While coming out might give momentum to a spiritual journey, and that journey itself might intertwine with queer selfhood, the ironic question is that, in the vastness of a spiritual dimension, what if our queerness means very little? In Zen, we chant Para sam gate, bodhi svaha at the end of the Heart Sutra. “Gone beyond Gone, utterly beyond.” Proud queer Buddhist minister Lama Rod Owens reflects on his experience to this type of dissolution inside the Tibetan lineage :

“I felt a lot of freedom to enter and reimagine a self that was very liberatory. There was this space where queerness wasn’t so important, but rather it was the intention of my life and how I used these identities to help people and to help myself. I was being really taught that attachment to identity is another way in which we are fixated on this sense of self.”

A particularly special or essential queer-spirituality (as Hay would have argued for) is questionable from the perspective of nirvana. In fact, while this investigation has largely been a focus on the politically and spiritually inclined, queers are just as susceptible to the trappings of social norms as our cis-hetero counterparts–just step into any gay bar, Peter Sweasey suggests, where fixed identity stereotypes (top, bottom, trade, etc) are often adopted and strictly reinforced. 

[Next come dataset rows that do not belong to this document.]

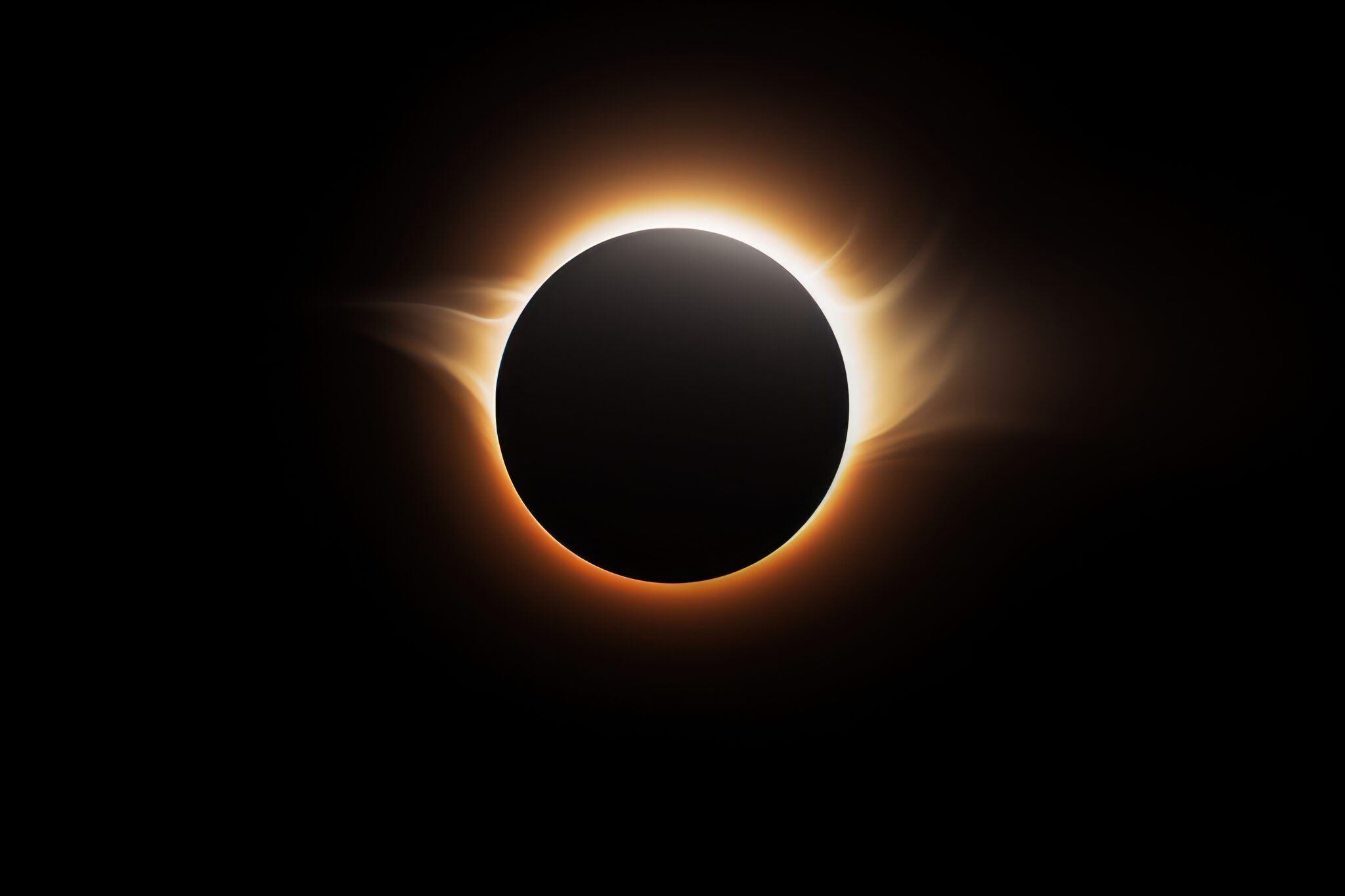 Eclipse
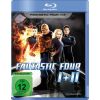2308803 fantastic four 1 2 blu ray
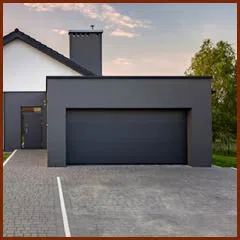 5 Star Garage Doors Sylmar, CA 818-748-9227 5 Star Garage Doors Sylmar, CA 818-748-9227 - side-garage-door-07m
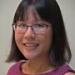 Photo: Dr. Doan-Thu Nguyen, MD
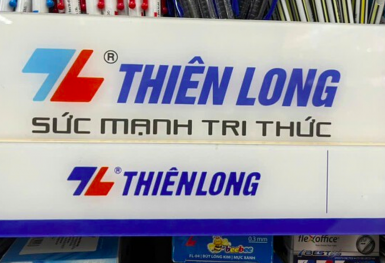 Tập đoàn Thiên Long phát hành hơn 8,7 triệu cổ phiếu để trả cổ tức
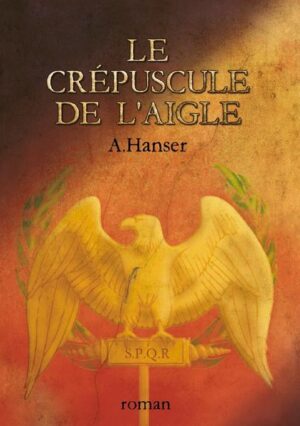 451 de notre ère, Cassien, un soldat romain, rentre victorieux de la campagne contre Attila. Malheureusement, sa joie est de courte durée. Alors que l'Empire est menacé de toutes parts, il est nommé tribun d'un fort à Aventicum, l'ancienne capitale des Helvètes. Sa mission est claire: maintenir la sécurité et donc les bonnes relations avec les Burgondes fraichement installés. Pourtant, ce qui devait s'apparenter à une promotion ressemble à une punition. Sur place, les tensions entre locaux et Burgondes menacent la paix. Pire, un groupe armé sévit en ville. Au sein d'un empire enlisé dans les complots, le doute s'installe et les fidélités sont remises en question. Et si les manigances locales remontaient bien plus haut qu'il ne le pensait ?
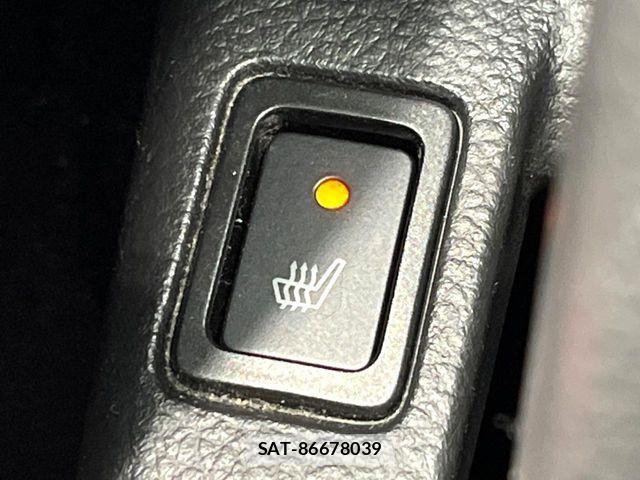 Suzuki SWIFT 2014-08 8563717-7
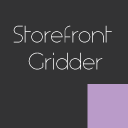 Storefront Gridder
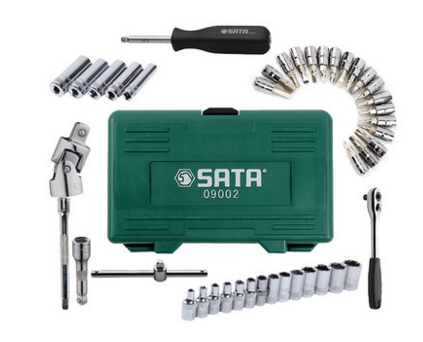 細節(jié)展示圖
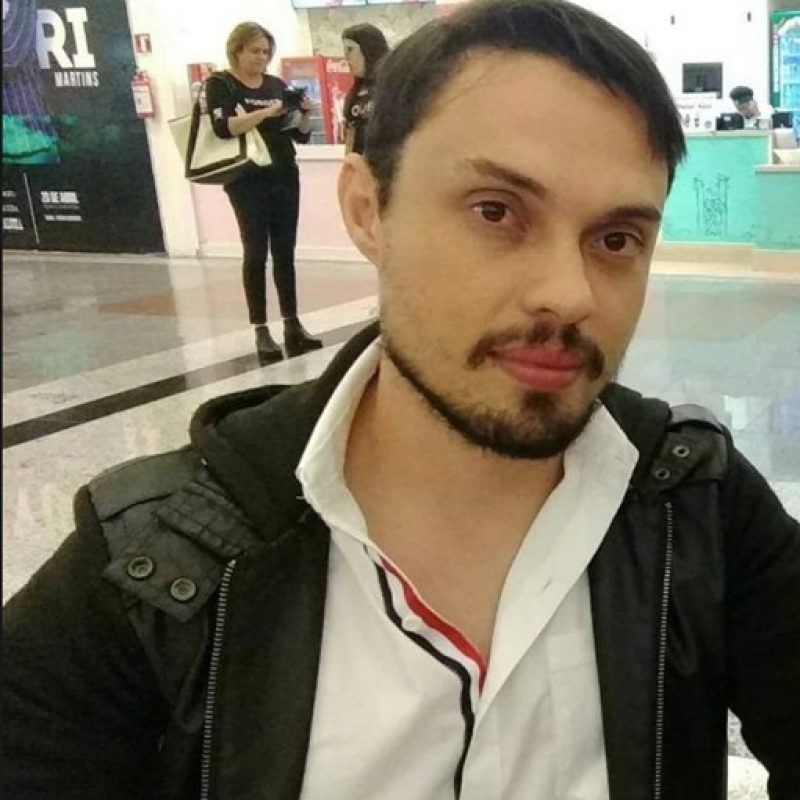 Adrian-Andreas-da-Silva-Carvalho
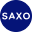Online Investing and Trading | Singapore | Saxo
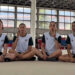 “Tenemos miedo”: gimnastas mexicanas destapan nueva polémica en el deporte nacional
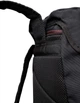 Рюкзак для ноутбука 15" Acer Nitro Multi-funtional (GP.BAG11.02A) Black - зображення 6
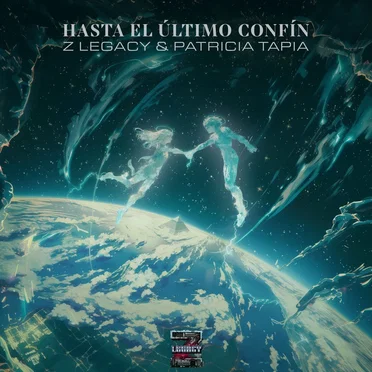 Hasta el último confín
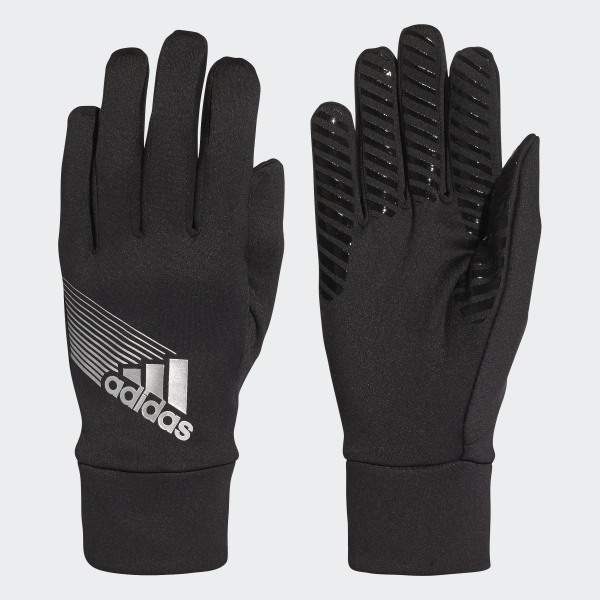 guantes adidas colombia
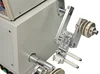 Semi-automatic High-precision Speaker Voice Coil Winding Machine 6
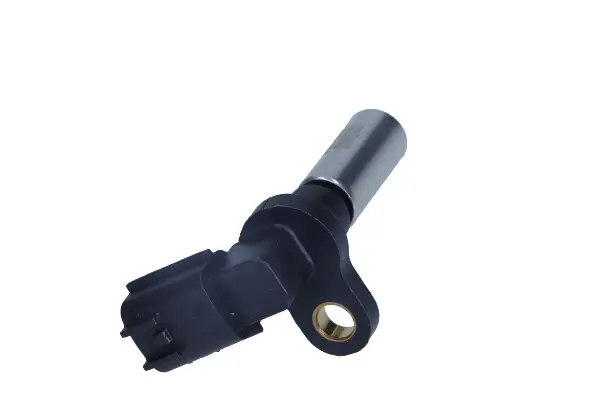 Senzor, pozitie ax cu came MAXGEAR 24-0239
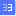 33BONDI favicon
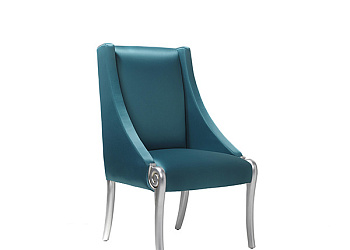 Стул Troya Troyano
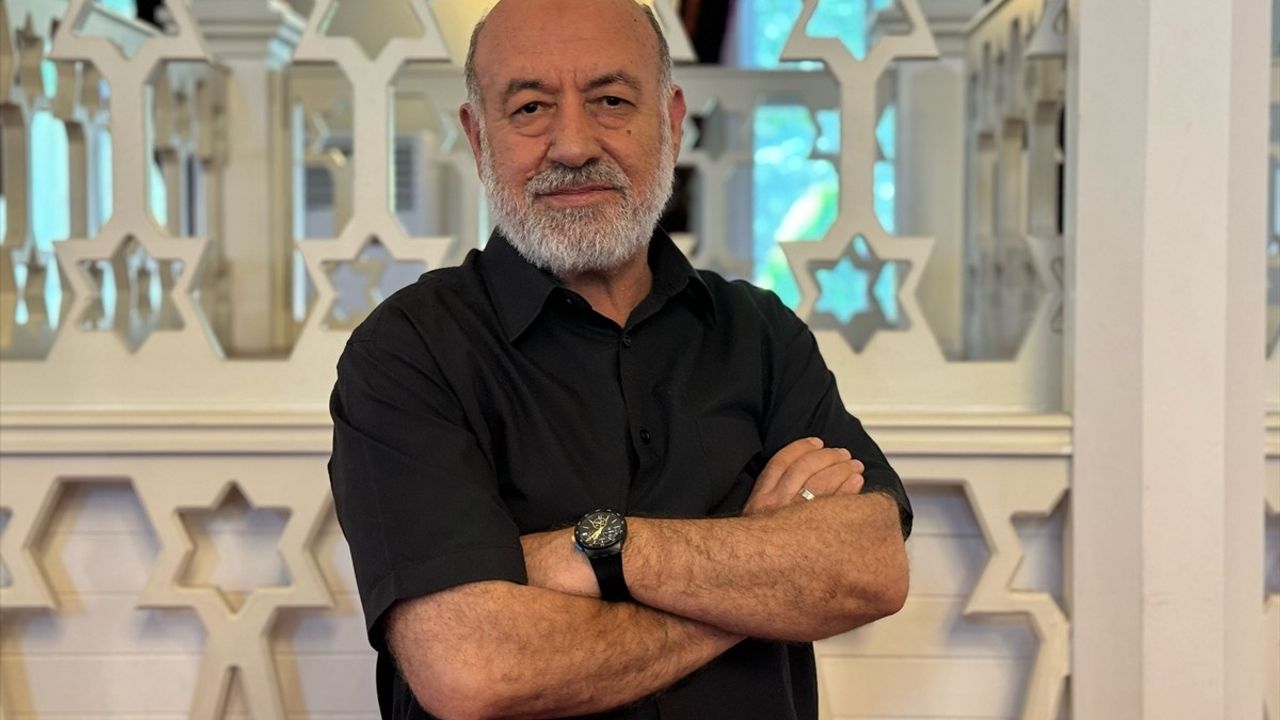 15 Temmuz Darbe Girişiminin Kültürel Yansımaları: Yönetmenlerden Değerlendirme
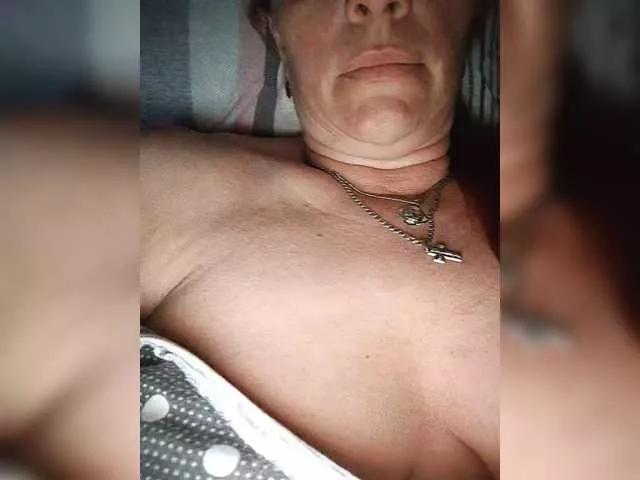 MissieLorrie from BongaCams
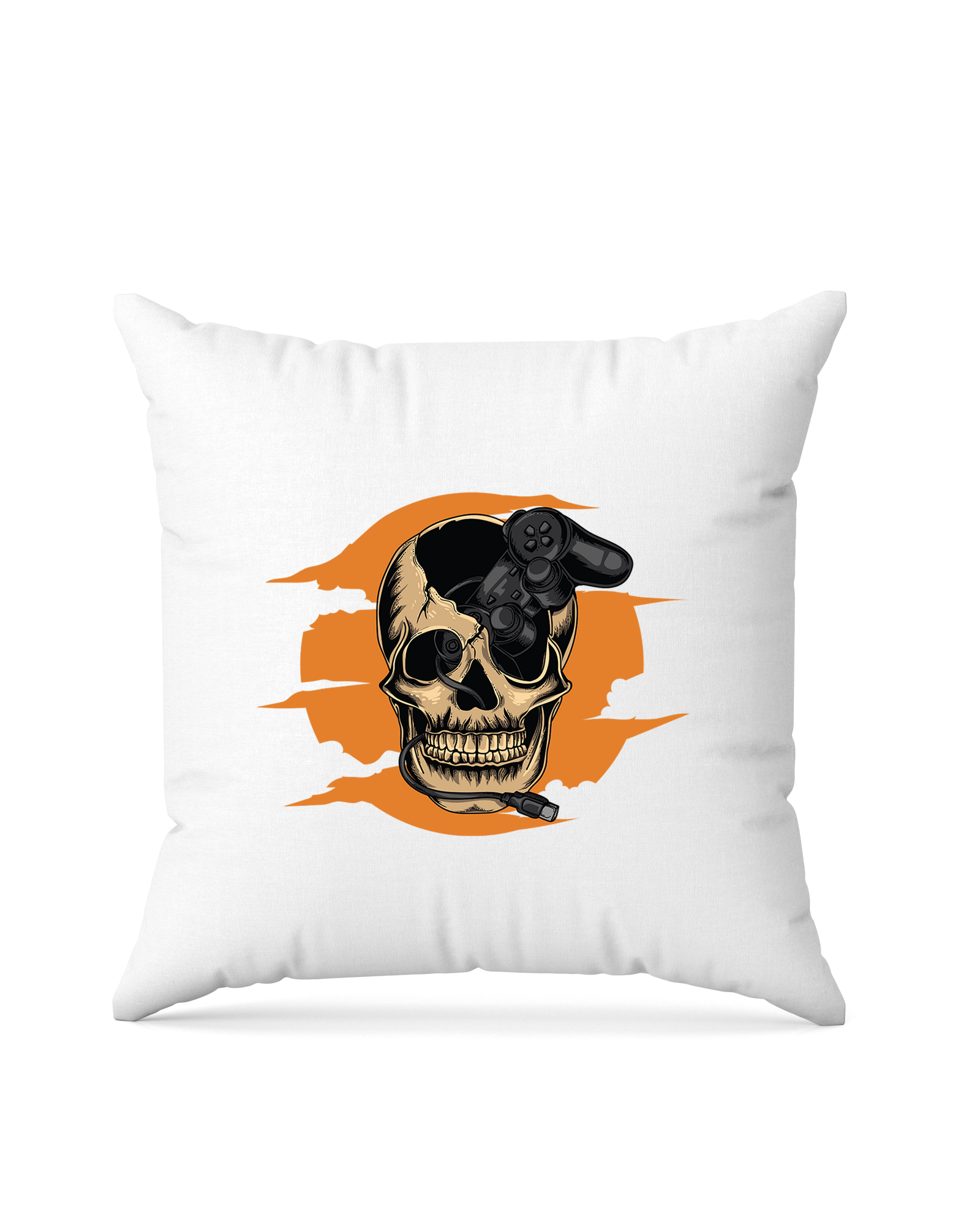 bundle-src:https://cdn.shopify.com/s/files/1/0946/1078/4639/files/Square_pillow_2048x2048.png?v=1772101559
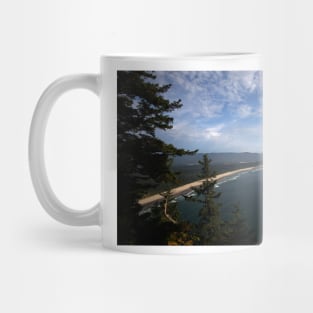 850_6386 Mug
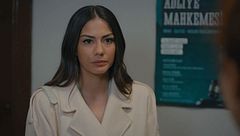 Cap.91 - Las cosas van a peor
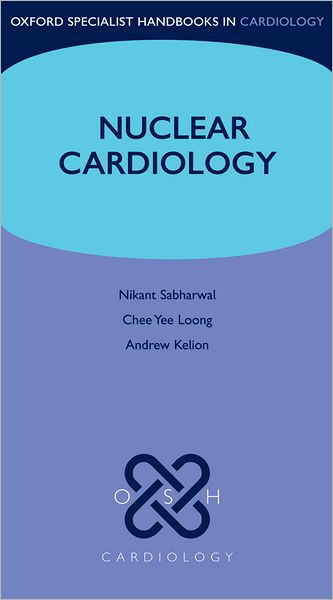 Nuclear Cardiology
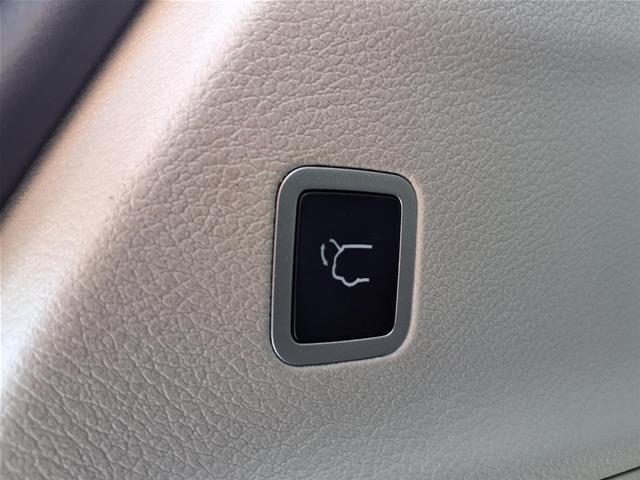 2024 Chrysler Pacifica - $19,949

But is this how the hero’s journey ends? That this queer-spiritual helix just fruitfully dissolves into the non-dualistic ether? That we are all basically the same? That would again render invisible identities which have fought so hard to be seen. Where then, if not in the dimension of our highest self, are we able to find our earth-bound ourselves? Lama Rod’s experience shows us that one can seek true liberation in an absolute space where a sexual or gender identity wasn’t important and also understand those identities to be of real service in a relative sense.    

To further soften the edges of this absolute-relative dichotomy, I propose a return to  the understanding of queerness as a practice, and an energy of radical emergence rather than a coatrack of identities. Just as a spiritual practice can be a living question, queer theorists speak to a queerness that is constantly reexamining itself and challenging injustice. There are many ways to be queer or to “practice” queerness. Even a long list here would defeat the point. Like giving names to God, it would never be enough. That type of queerness, in my opinion, is open to all. It’s an invitation. The term ‘queer’ itself is a reclaiming, structured for new invention. A study and understanding of the universal ultimately doesn’t negate queerness, but may compliment, even mirror the infinite nature of queer particularities.

For me, what the spiritual path offers is an experience of unity that is rooted in diversity and pluralism. What ecstatic, meditative, or other spiritual practices teach is the ability to sit with what is, as grand or particular it may be, and just be. What results is a more secure bond with a relational, mysterious, and fluid world—which is perhaps the queerest thing of all.